Typically when I travel I will travel to a port where there are 3 or 4 ships due to come in over a short period of time, I get onboard, meet the team, speak with the guests, get a temperature check of how things are going onboard. I also get to travel for forming new partnerships and things like that. I recently visited a company we’ve partnered with called Skullmapping. They’re an artist collective out of Belgium, and they've collaborated with a company called TableMation Studios.
We have a concept on the fleet called Qsine and it features three-dimensional projection mapping technology. Guests enter the venue and each table has a 4K projector built into the ceiling above and you sit down and see an animated version of a miniature chef as it prepares your dish in front of you, and you're then served that dish. It's a four-course experience and it goes to show that people want quality but they don't want to take themselves too seriously, and we don't want to take ourselves too seriously either. I really think that’s where food's going.
People expect to be entertained onboard. How do you you approach that?

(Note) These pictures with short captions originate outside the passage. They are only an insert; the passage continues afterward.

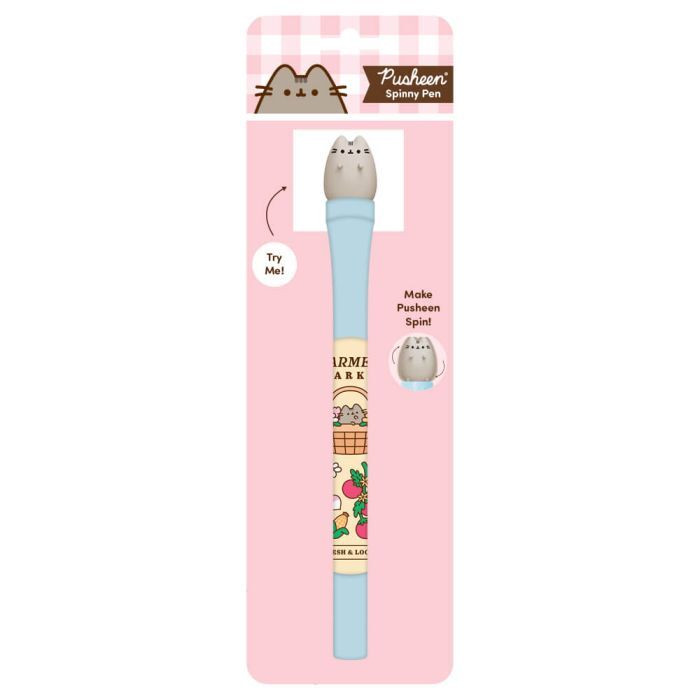 Pusheen Farmers Market - Spinny Pen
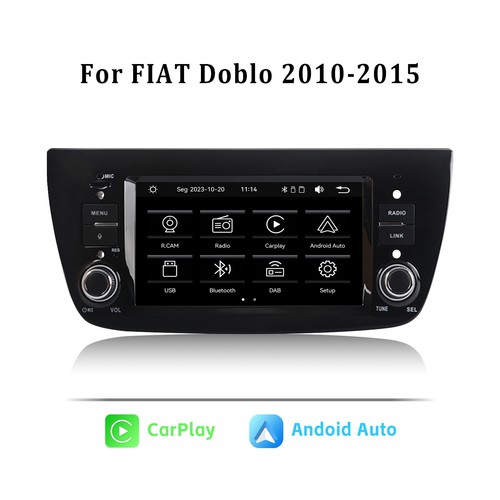 Autoradio fiat doblo - autoradio, 2010-2015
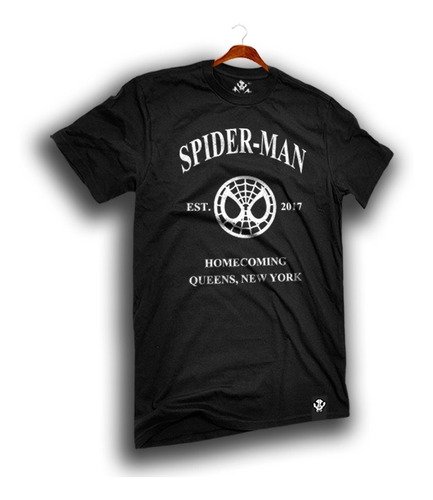 Imagen 2 de 6 de Playera Spiderman Homecoming Kaniel Pelicula Figura Ps4 Veno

At their core, restaurants are about entertainment – the word comes from the French restaurer – to restore. Yes, people have to eat, but thanks to the internet and social media they're becoming more educated about food, and the expectation is for amazing but simplified food – not over garnished – and being entertained at the same time. How do we do that? Through being smart with our use of colour palettes, with lighting, and the way servers greet people.
In the last 10-15 years, think hospitality has moved away from being a very formal experience that a lot of people found intimidating. What we're instilling at Celebrity is that it's all about the guest. Amazing service and hospitality should truly be invisible – it should be about them, not the server.
What are you doing at Celebrity Cruises to reach a younger audience?
I think some companies chase their tails – they're worrying about trying to appeal to every different demographic. Food and beverage trends come and go, but what never goes out of style is application of solid fundamentals: hot food hot, cold food cold, proper seasoning. If that's at the core of what you do, and you worry about everything else afterwards, that appeals to someone who's very young or very old. That's our starting point. We keep our eye on what's going on no land but we're not really driven by it – we don't want to be chasing the next big thing all the time. We look inward for inspiration rather than looking at what other brands or restaurants or doing – we keep an eye on what's going on but we're very introspective in that regard.
What's are you particularly proud of with the launch of Edge?
I think when people board and cruise on Celebrity Edge they're going to experience something truly groundbreaking, but if I had to name one venue I'd say Eden. It's the one that, as a chef, I'm most excited about; it's a true integration and melding of entertainment, performance art and culinary art all at the same time. It's going to be something truly unique – guests will never have experienced anything like it before.
You're a New Yorker. Does any New York find its way onto the menus onboard?
I am. I've lived there almost all of my life, though I moved down to Miami five and a half years ago. If anything has made its way onto the menus it's the multi-ethnicity of New York – I'm from the Bronx and I worked for 20 years in Manhattan. I love the fact that everything is really powerful and flavour-first in New York – it's like food on steroids. I want to bring a bit of that way thinking to the chefs and front of house onboard.